[PATCH] D79175: [ARM][MVE] Tail-Predication: use @llvm.get.active.lane.mask to get the BTC

Eli Friedman via Phabricator via llvm-commits llvm-commits at lists.llvm.org
Fri Jun 5 13:28:09 PDT 2020


efriedma added inline comments.


================
Comment at: llvm/lib/Target/ARM/MVETailPredication.cpp:384
+  // Evaluate this and bail if it can be negative.
+  if (llvm::isKnownNegativeInLoop(ECMinusTC, L, *SE)) {
+    LLVM_DEBUG(dbgs() << "ARM TP: overflow in element count decrement\n");
----------------
SjoerdMeijer wrote:
> efriedma wrote:
> > !isKnownNonNegative?
> I played with SCEV today, and tried to use `isKnownNonNegative` (and similar ones). These SCEV helpers don't seem to provide the required information, i.e. they are not able to find precise enough value ranges to tell us values are non-negative, and so the `isKnownNonNegative` SCEV helpers and friends don't seem to have the context of the loop. Our loops usually look like this, they have this or a similar loop guard:
> 
>     %cmp = icmp sgt %N, 0
>     br i1 %cmp, label %vector.preheader, label %exit
> 
> For this example, %N is our ElementCount. When we construct our overflow check:
> 
>     ceil(ElementCount / VectorWidth) >= TripCount
> 
> and query SCEV, it doesn't have the context that %N > 0, resulting in a negative lowerbound, and thus `isKnownNonNegative` returns False.
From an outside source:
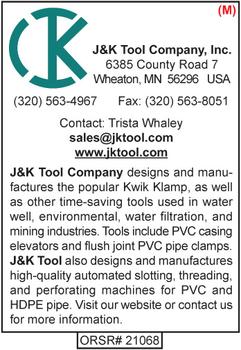 J&K Tool Company, Supplies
Looking into how I could add more context to SCEV, I checked for example `getSCEVAtScope` hoping this would be more context sensitive, and some others too. PredicatedScalarEvolution looked promising, I think it is designed for exactly this (I haven't used  it yet), but the LoopUtils helpers `isKnownNegativeInLoop` and `cannotBeMaxInLoop` provide this with a convenience interface. These LoopUtils helpers were actually contributed by @samparker after a similar experience (which he might be able to confirm here).
> 
> Long story short, it looks like  helpers `isKnownNegativeInLoop` and `cannotBeMaxInLoop` are actually the right choice here (also confirmed after further debugging and tracing the tests that I mentioned previously).
The description of isKnownNegativeInLoop says "Returns true if we can prove that \p S is defined and always negative in loop L."  If it returns false, we have proven nothing, so you can't use it like this.

I wasn't trying to imply you shouldn't use isKnownNonNegativeInLoop, if that's appropriate.